Housing market refuses to stabilize

No springtime bounce for the real estate industry -- in March, the median sales price of an existing home dropped 7.7 percent compared to year ago

By Andrew Leonard

Published April 22, 2008 2:29PM (EDT)

So much for February's "surprising" 2.9 percent month-on-month rise in existing home sales. The numbers for March, reported by the National Association of Realtors, are not good -- a 2 percent drop in sales compared to February, and 7.7 percent drop in median sales-price compared to March 2007. The numbers are even worse when you consider that the normal seasonal trend at this point in the year, as explained by Barry Ritholtz in The Big Picture this morning, is for sales to increase -- which led him to make a "bold" prediction that the March existing home sales number would rise slightly.

He was wrong, and, amazingly, the consensus pessimism of economists surveyed by the Wall Street Journal turned out to be exactly on the money. (See UPDATE below).

One anomaly in the report jumped out at How the World Works. Compared to a year ago, the median sales price of an existing home dropped sharply, but month-on-month, prices actually rose, from $195,600 in February to $200,700 in March. A possible explanation? Condominium sales bumped up in March, and the median sales price of a condo was significantly higher than of a single-family home.

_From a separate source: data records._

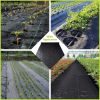 POLYPROPYLENE LANDSCAPE FABRIC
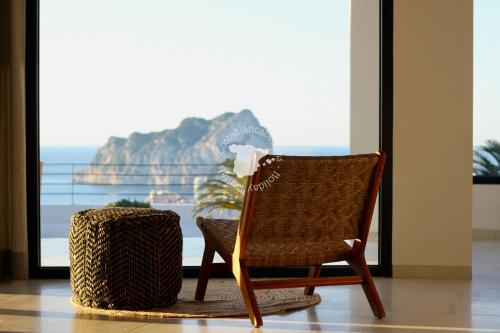 CostaBlancaDreams Casa Monte Verde in Benissa in Benissa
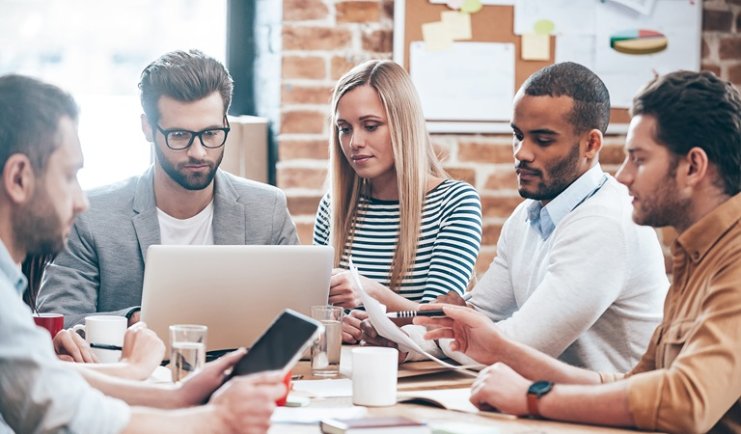 Psychologische veiligheid op het werk
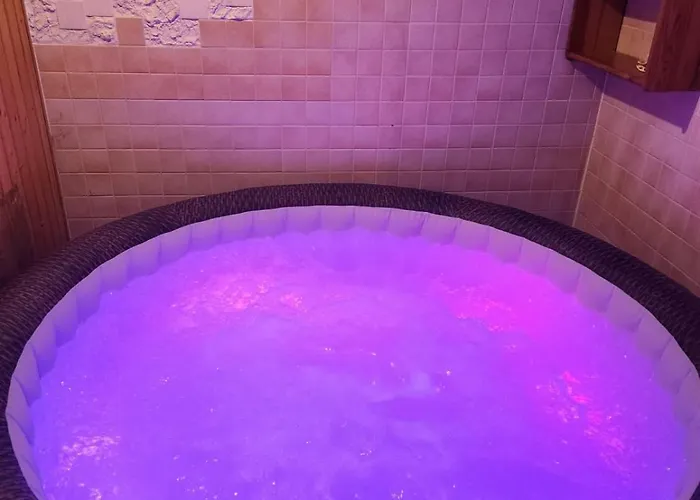 Wichrowe Wzgorza Bed & Breakfast Karpacz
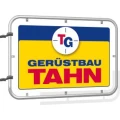 Logo Gerüstbau Tahn
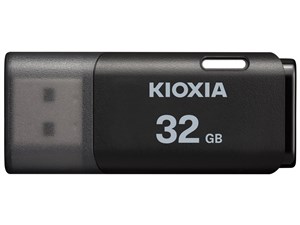 TransMemory U202 KUC-2A032GK [32GB ブラック]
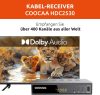 COOCAA HDC2530 Digital HD Kábel TV vevő Full HD-hoz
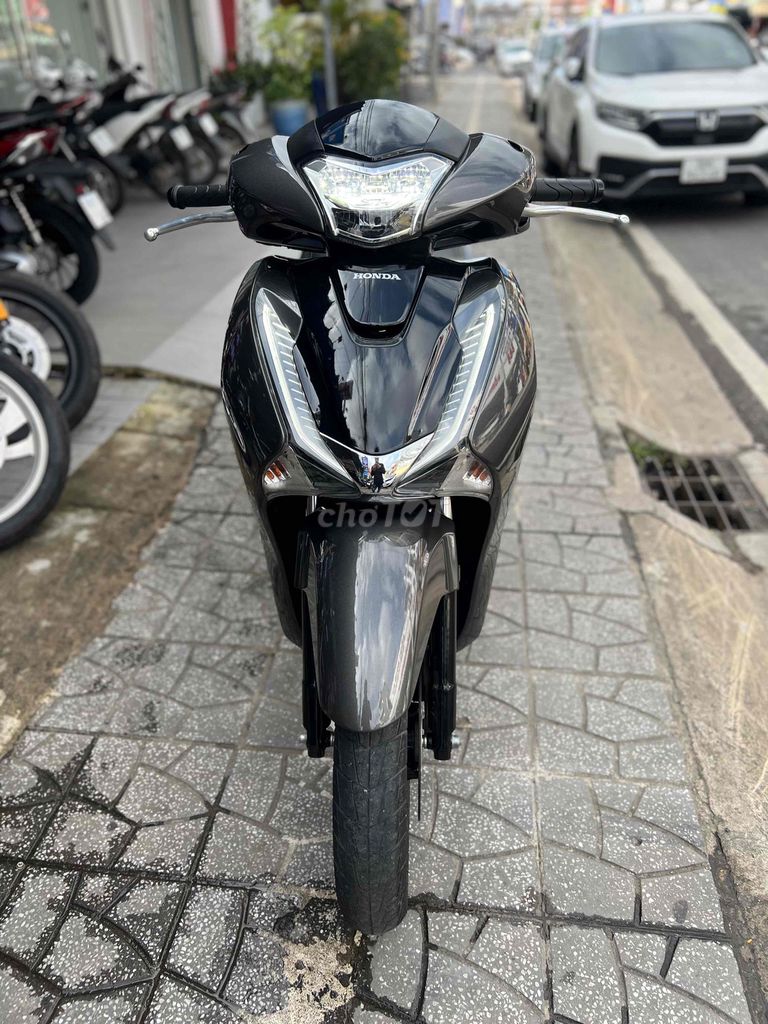 Sh 125 ABS 2018❇️Đồng Moto Đà Lạt❇️. Mua bán Xe máy tại Thành phố Đà Lạt Lâm Đồng được đăng bởi ĐỒNG MOTOR 2  cá nhân hình 5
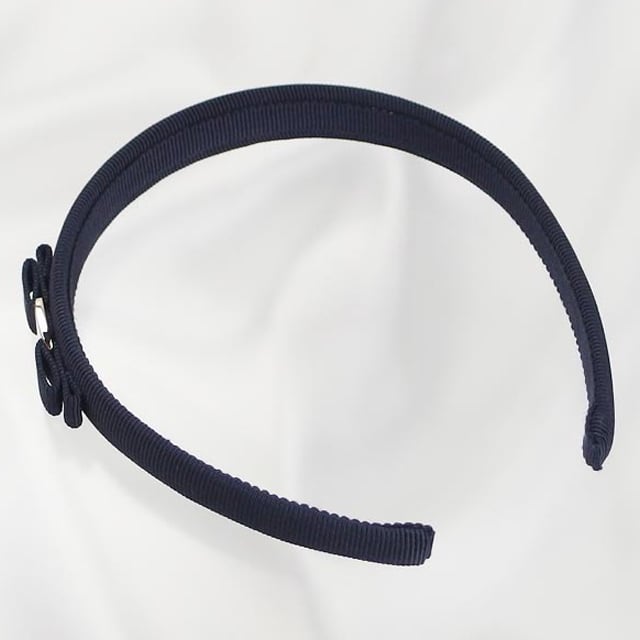 フェラガモ サルバトーレフェラガモ Ferragamo カチューシャ ヘア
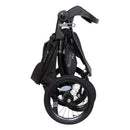 Load image into gallery viewer, Baby Trend Expedition Race Tec PLUS Jogger Travel System folded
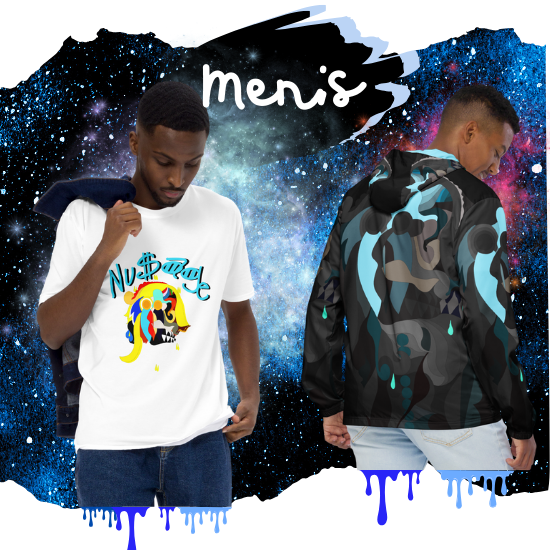 Men's Fall 2023 Collection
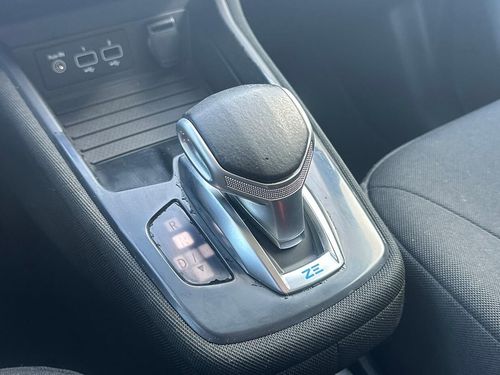 Renault Zoe - Photo 23
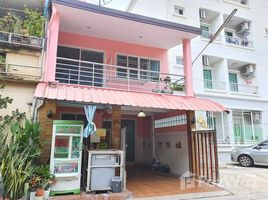 2 Bedroom Townhouse for rent at Vanathip Village, Min Buri, Min Buri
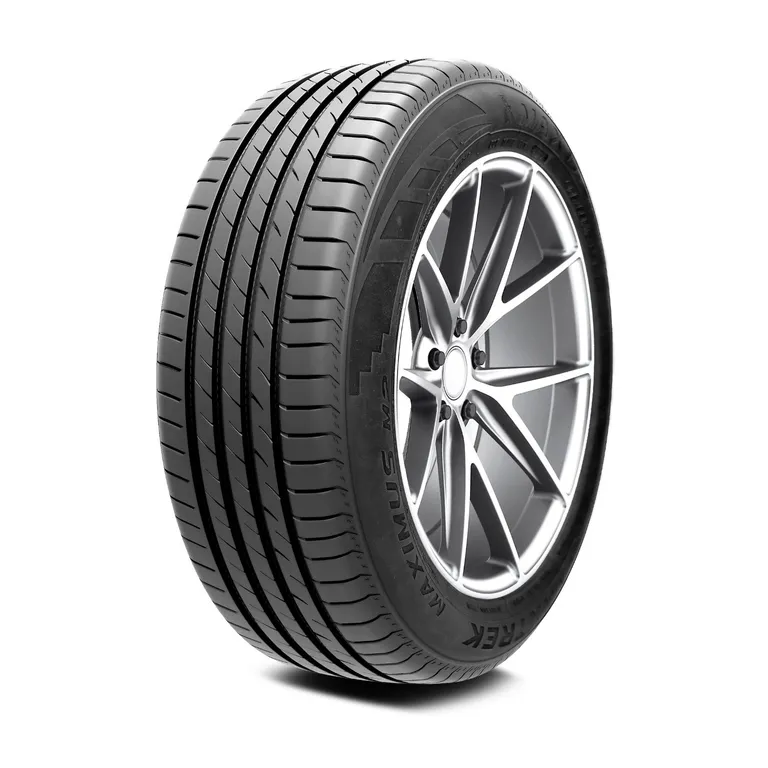 MAXTREK TYRES Neumático 195/65 R15 Maxtrek Maximus M2 91H | Falabella Chile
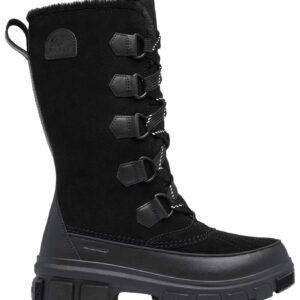 Torino™ V Tall Wp W Black Natural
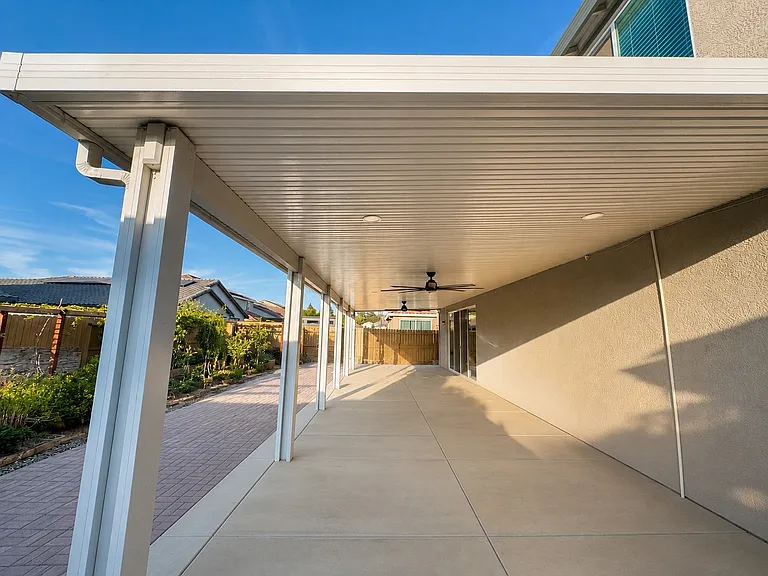 2345 Raphael Way — Photo 13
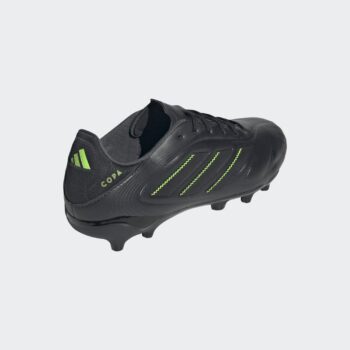 COPA PURE III LEAGUE FG/MG J CBLACK/DGSOGR/LUCLEM - Additional Image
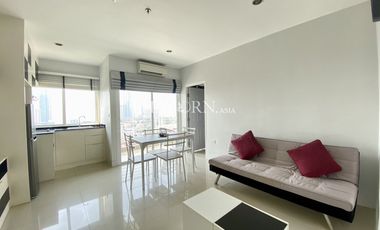 Wohnung zum Kauf mit 1 Zimmer in Bang Lamung, Chonburi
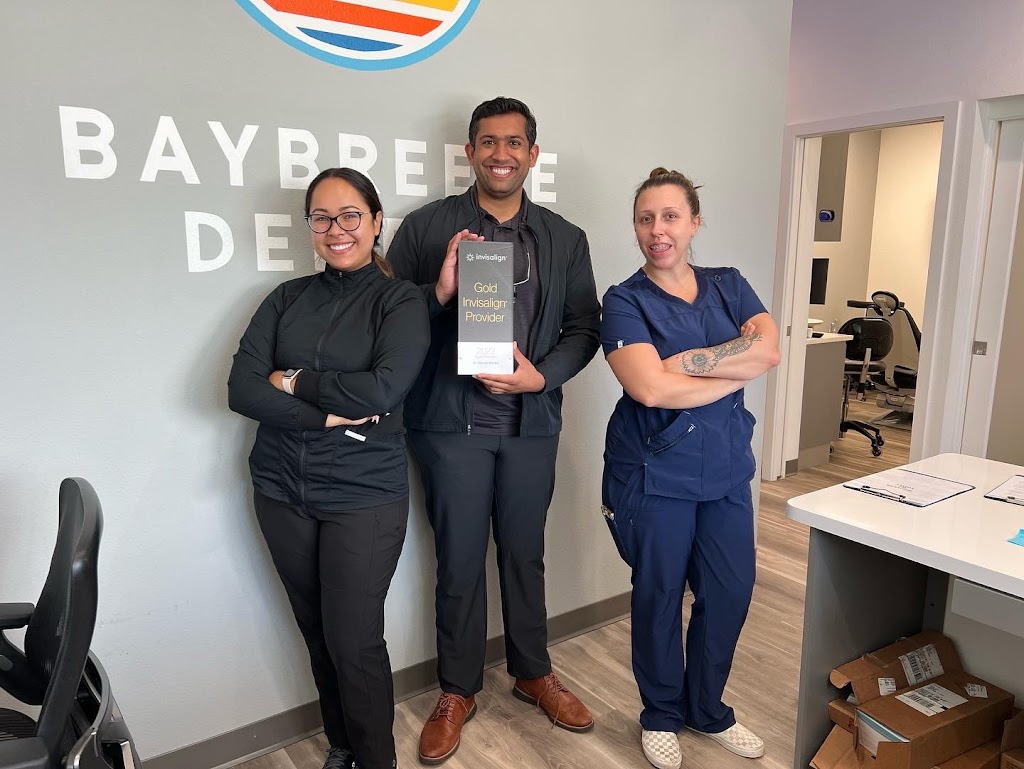 BayBreeze Dental | 28868 FL-54, Wesley Chapel, FL 33543, USA | Phone: (813) 430-2673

Why should we care about such parsing? The National Association of Realtors was quick to claim that February's 2.9 percent month-on-month rise in existing home sales was a sign that the housing market was "stabilizing." If so, one could start to make all kinds of optimistic predictions regarding how much further the current economic downturn has to go. But March's news suggests spring has not yet arrived for the real estate industry.

UPDATE: Whoops, I misinterpreted Ritholtz's analysis. He was confining himself to predicting that the raw, non-seasonally adjusted numbers of existing home sales would rise, which they did, marginally.